■ What the task requires ■
Below are records to be reproduced exactly and in full.

Brief descriptive captions:

__________________________________________________

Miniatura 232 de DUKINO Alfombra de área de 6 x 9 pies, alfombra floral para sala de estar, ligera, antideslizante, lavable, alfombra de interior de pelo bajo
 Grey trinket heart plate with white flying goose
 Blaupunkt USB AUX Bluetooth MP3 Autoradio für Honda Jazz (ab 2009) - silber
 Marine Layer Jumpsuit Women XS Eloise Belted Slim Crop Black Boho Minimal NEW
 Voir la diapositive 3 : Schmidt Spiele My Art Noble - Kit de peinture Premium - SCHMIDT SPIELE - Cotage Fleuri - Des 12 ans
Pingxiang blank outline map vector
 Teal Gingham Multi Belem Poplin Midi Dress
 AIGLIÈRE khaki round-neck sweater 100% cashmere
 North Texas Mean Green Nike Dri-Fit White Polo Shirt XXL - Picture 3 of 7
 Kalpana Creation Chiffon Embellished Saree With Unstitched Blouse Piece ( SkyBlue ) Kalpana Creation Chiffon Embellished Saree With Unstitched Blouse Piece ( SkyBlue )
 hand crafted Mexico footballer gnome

__________________________________________________

■ Answer section ■
Miniatura 232 de DUKINO Alfombra de área de 6 x 9 pies, alfombra floral para sala de estar, ligera, antideslizante, lavable, alfombra de interior de pelo bajo
 Grey trinket heart plate with white flying goose
 Blaupunkt USB AUX Bluetooth MP3 Autoradio für Honda Jazz (ab 2009) - silber
 Marine Layer Jumpsuit Women XS Eloise Belted Slim Crop Black Boho Minimal NEW
 Voir la diapositive 3 : Schmidt Spiele My Art Noble - Kit de peinture Premium - SCHMIDT SPIELE - Cotage Fleuri - Des 12 ans
Pingxiang blank outline map vector
 Teal Gingham Multi Belem Poplin Midi Dress
 AIGLIÈRE khaki round-neck sweater 100% cashmere
 North Texas Mean Green Nike Dri-Fit White Polo Shirt XXL - Picture 3 of 7
 Kalpana Creation Chiffon Embellished Saree With Unstitched Blouse Piece ( SkyBlue ) Kalpana Creation Chiffon Embellished Saree With Unstitched Blouse Piece ( SkyBlue )
 hand crafted Mexico footballer gnome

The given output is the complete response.